Government forces have deployed several units to the Turkish border during the past week, and promised to reinforce their troops in the next few days.

The Kurds had struck an agreement with the Syrian government in a move to be shielded against the Turkish onslaught. The agreement envisages the dispatch of Syrian government troops to the Kurdish-held territories to receive control and block the incursion of the Turkish Army and its allied militants. The Kurdish militias have already delivered control over a number of towns and villages to the Damascus army, including Manbij, Raqqa, and Ein Al-Arab.

Meanwhile, Russian military police forces have begun patrolling Qamishli city towards the border with Turkey. Commander of the Qamishli-based military police unit Ivan Volgin told reporters that a Russian military police convoy has patrolled the area along the Syrian-Turkish border near Qamishli, the largest city in Northeastern Syria. The total length of the route, which included the nearest border checkpoint, exceeded 200 kilometers roundtrip.

Around 300 Russian military police have been deployed to Syria from Chechnya – in Russia’s North Caucasus – to facilitate the withdrawal of Kurdish units from the Syrian border and carry out peacekeeping patrols.

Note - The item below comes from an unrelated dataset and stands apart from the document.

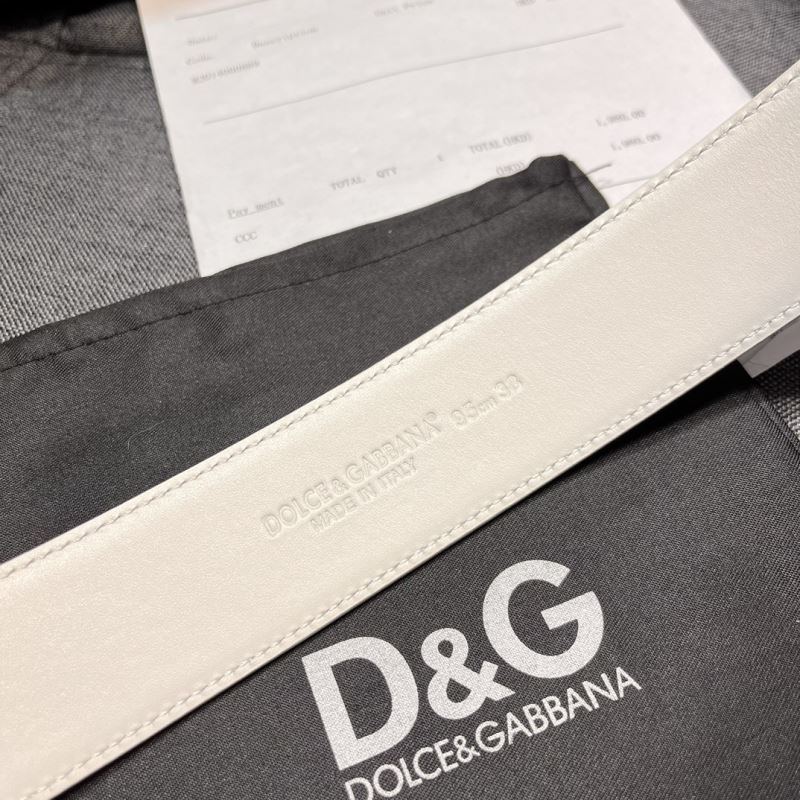 D&G Belts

The Russian Defense Ministry announced Friday the new units arrived to back up the existing military police contingent in Syria, stating that the group of highly-skilled and experienced servicemen will carry out “special tasks” in support of the deal struck between Russian President Vladimir Putin and his Turkish counterpart, Recep Tayyip Erdogan.

Under the deal agreed by Putin and Erdogan on Tuesday after marathon talks in Sochi, the Turkish offensive that threatened to destabilize the war-torn country even further has been contained to an area up to 32km inside Syria. It was agreed that the territory not affected by the offensive would be jointly patrolled by Turkish and Russian servicemen, while Moscow volunteered to assist in the withdrawal of Kurdish fighters who found themselves at the mercy of the Turkish Army after their American allies hastily withdrew from the area days before the large-scale offensive kicked off.

Moscow stated that it’s up to the Kurds to hold their end of the bargain, warning that if the militias fail to pull out and withdraw their weapons, Russia and Syria would not be able to shield them from Ankara’s onslaught.

On Saturday, Turkey’s Defense Minister Hulusi Akar stated that Ankara’s deal with Moscow on the withdrawal of Kurdish militants from Northern Syria is right on track, noting, “Everything is normal, and [the deal] is going as planned.”